March 7, 1930?May 20, 2007 Elected to the NAS, 1973

Stanley l. Miller, who was considered to be the father of prebiotic chemistry--the synthetic organic chemistry that takes place under natural conditions in geocosmochemical environments--passed away on May 20, 2007, at age 77 after a lengthy illness. Stanley was known worldwide for his 1950s demonstration of the prebiotic synthesis of organic compounds, such as amino acids, under simulated primitive Earth conditions in the context of the origin of life. On May 15, 1953, while Miller was a graduate student of Harold C. Urey at the University of Chicago, he published a short paper in Science on the synthesis of amino acids under simulated early Earth conditions. This paper and the experiment it described had a tremendous impact and immediately transformed the study of the origin of life into a respectable field of inquiry.
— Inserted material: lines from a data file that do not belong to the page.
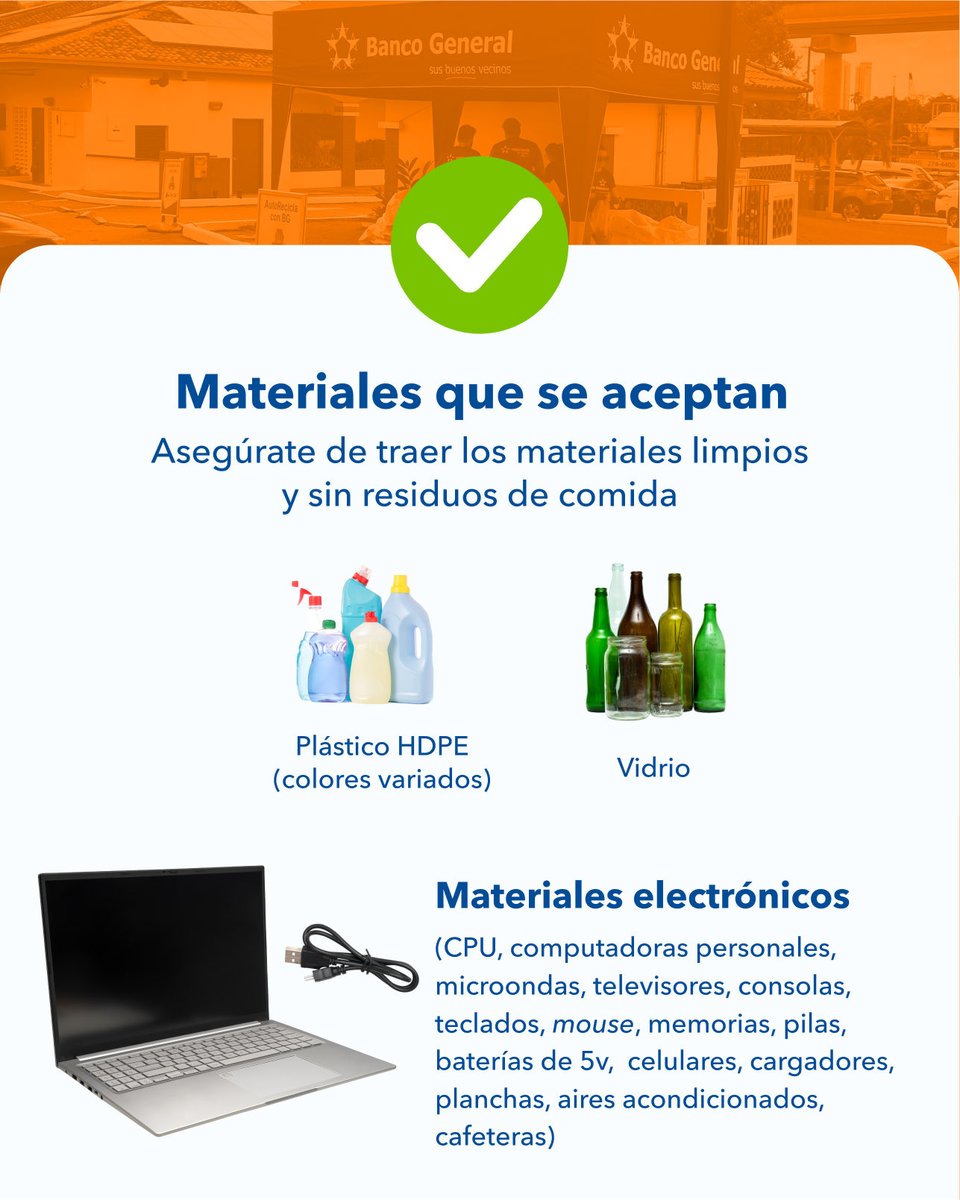 tvnpanama's tweet photo. Acompáñanos en una jornada de reciclaje sin bajarte del auto. 
Trae tus desechos limpios y sin restos de comida a la sucursal de Banco General en Costa Verde, ¡nosotros nos encargamos del resto! @bancogeneral https://t.co/YPefLKxHF0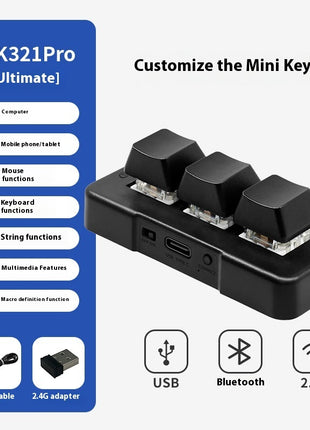 Mini PC Gaming Macro Programmable Keyboard – 3 Key USB/Wireless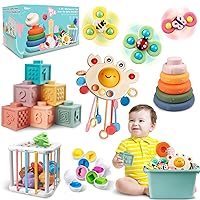Baby Toys for 6 to 12 Months, Montessori Toys for Babies, Sensory Bins Toys for Toddlers 1-3, Pull String Teether Infants Bath Toys 6 in 1 Stacking Blocks Rings, Matching Eggs, Suction Cup Spinner Toy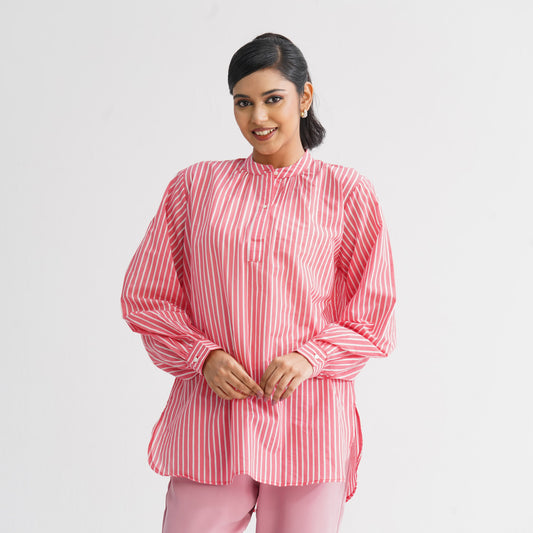 Women’s White & Red Striped Cotton Top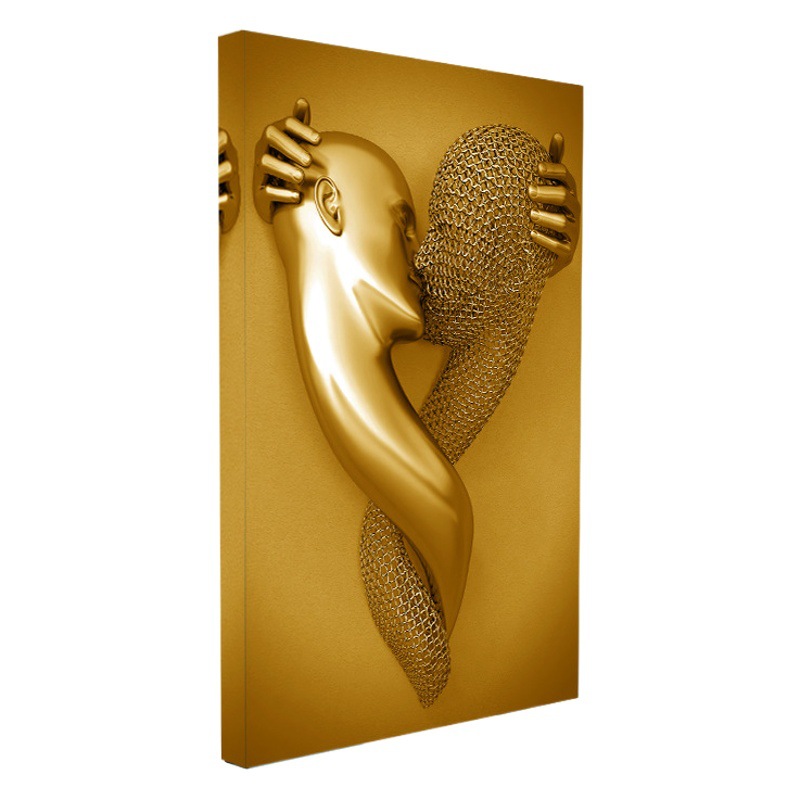Foreign Trade Hot Sale Abstract Steel Wire Metal Figure Statue Sculpture Canvas Painting Couple Hanging Painting High Definition Jet Printing Painting Core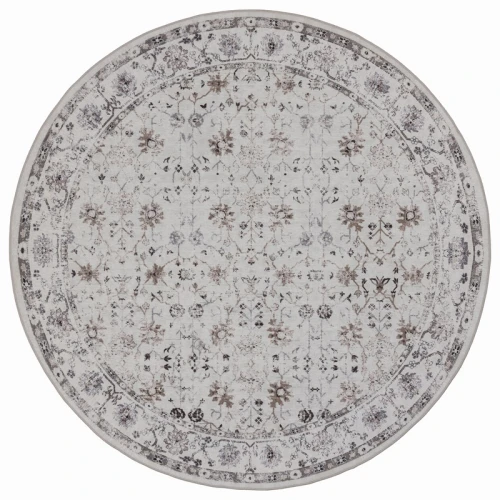 Dywan vintage INKA Floral z Efektem Postarzenia Kremowy koło 160 cm x 160 cm - Nowoczesne fasony do salonu i pokoju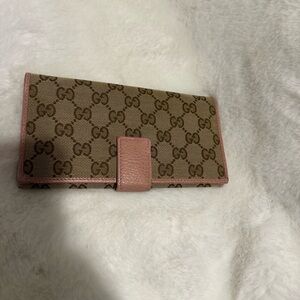 Gucci Brown and Pink Monogram Wallet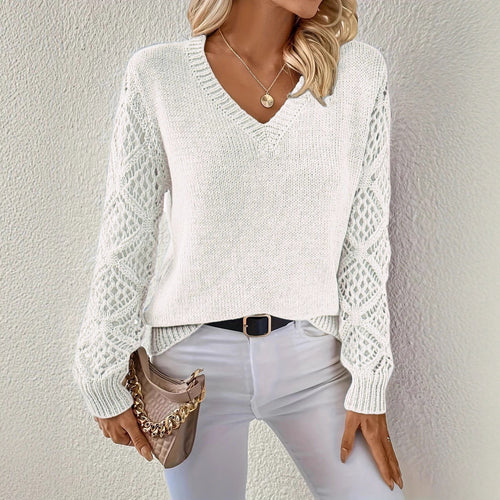 Ladies elegant knitted sweater with transparent sleeves Amarae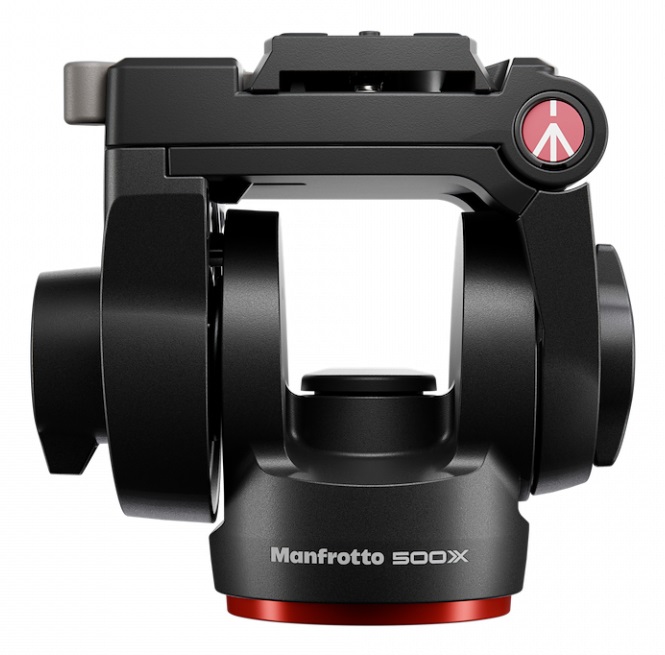 Manfrotto 500X Testa Video Fluida per Mirrorless - Portata 5 Kg, Base Piatta, Piastra Scorrevole a Sgancio Rapido, Movimenti Verticale e Orizzontale, Ideale per Creator e Social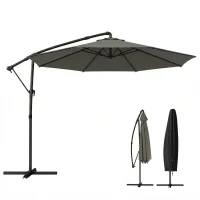 Outsunny 10 ft Offset Patio Umbrella with Cover, Hanging Cantilever Umbrella with 360° Rotation, Crank Handle, Tilt, Gray(m-11)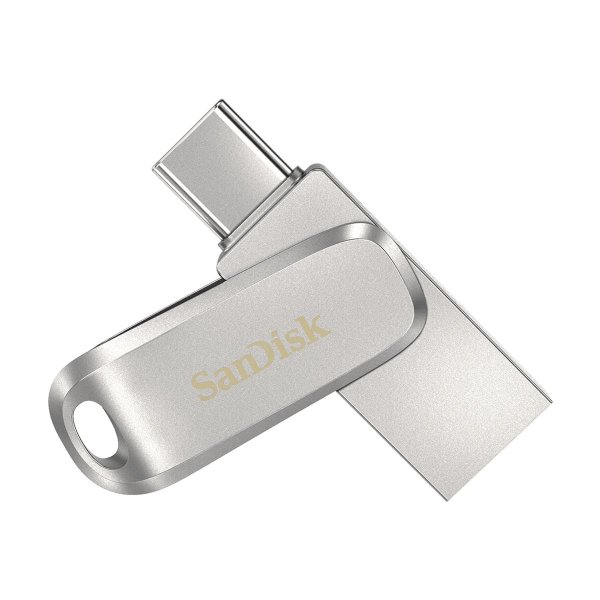 SanDisk Ultra Dual Drive Luxe, 256 GB, USB Type-A / USB Type-C, 3.2 Gen 1 (3.1 Gen 1), 150 MB/s, Drehring, Edelstahl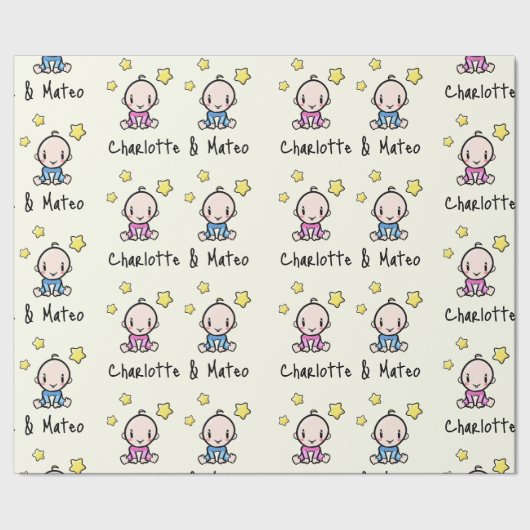 Es sind Zwillinge!, Pink & Blue Anpassbare Zwillin Geschenkpapier (Saum)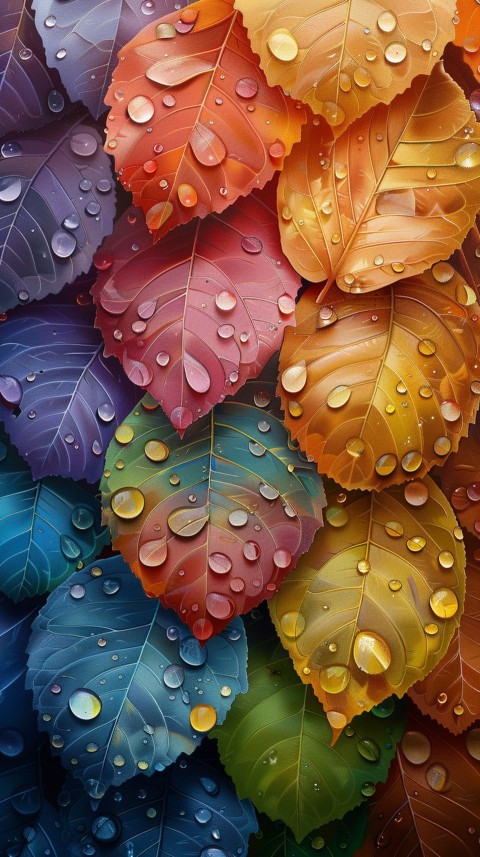 Colorful Leaves with Water Droplets Aesthetic Nature (188)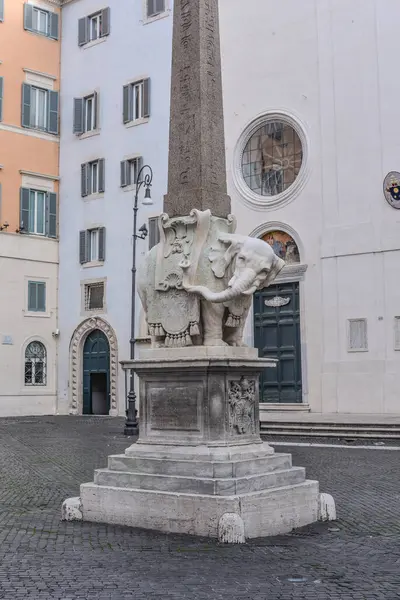 Řím Itálie Listopadu 2022 Elephant Obelisk Minerva Obelisco Della Minerva — Stock fotografie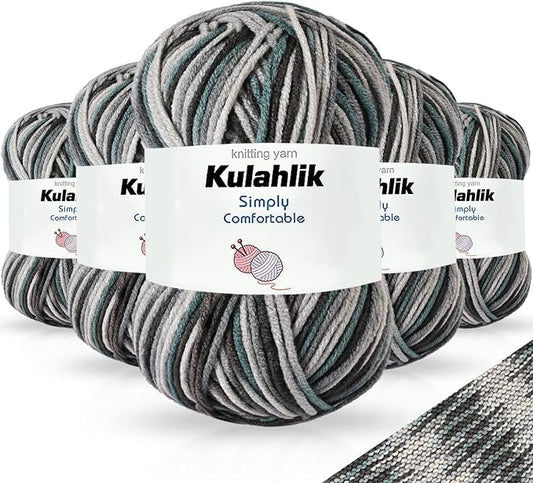 250g(5x50g) Acrylic Yarn for Crochet/Knitting, Colorful Gradient Yarn Thread, 5 Rolls Skeins, Perfect for Any Knitting Crochet and Crafts Mini Project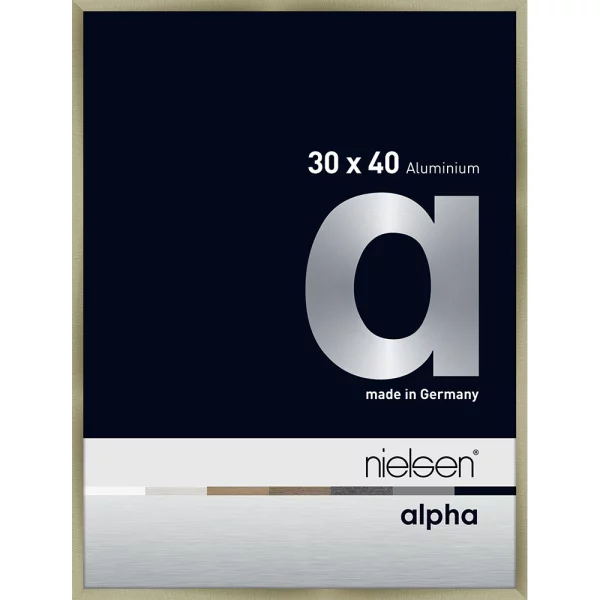 Alu-Bilderrahmen Profil alpha 30x40 cm | Brushed Edelstahl | Normalglas (2 mm)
By Jeffrey L. Bada and Antonio Lazcano

Stanley Lloyd Miller was born in March 7, 1930, in Oakland, California, the second child (the first was his brother, Donald) of Nathan and Edith Miller, descendants of Jewish immigrants from the eastern European countries of Belarus and Latvia. Both parents attended the University of California, Berkeley, where they met. Stanley's father became a very successful attorney who was appointed a deputy district attorney in 1927 by Earl Warren, then the district attorney in Alameda County and who eventually became the 30th governor of California and the 14th chief justice of the U.S. Supreme Court. The Miller and Warren families were close friends, and as a young boy, Stanley played with the Warren children.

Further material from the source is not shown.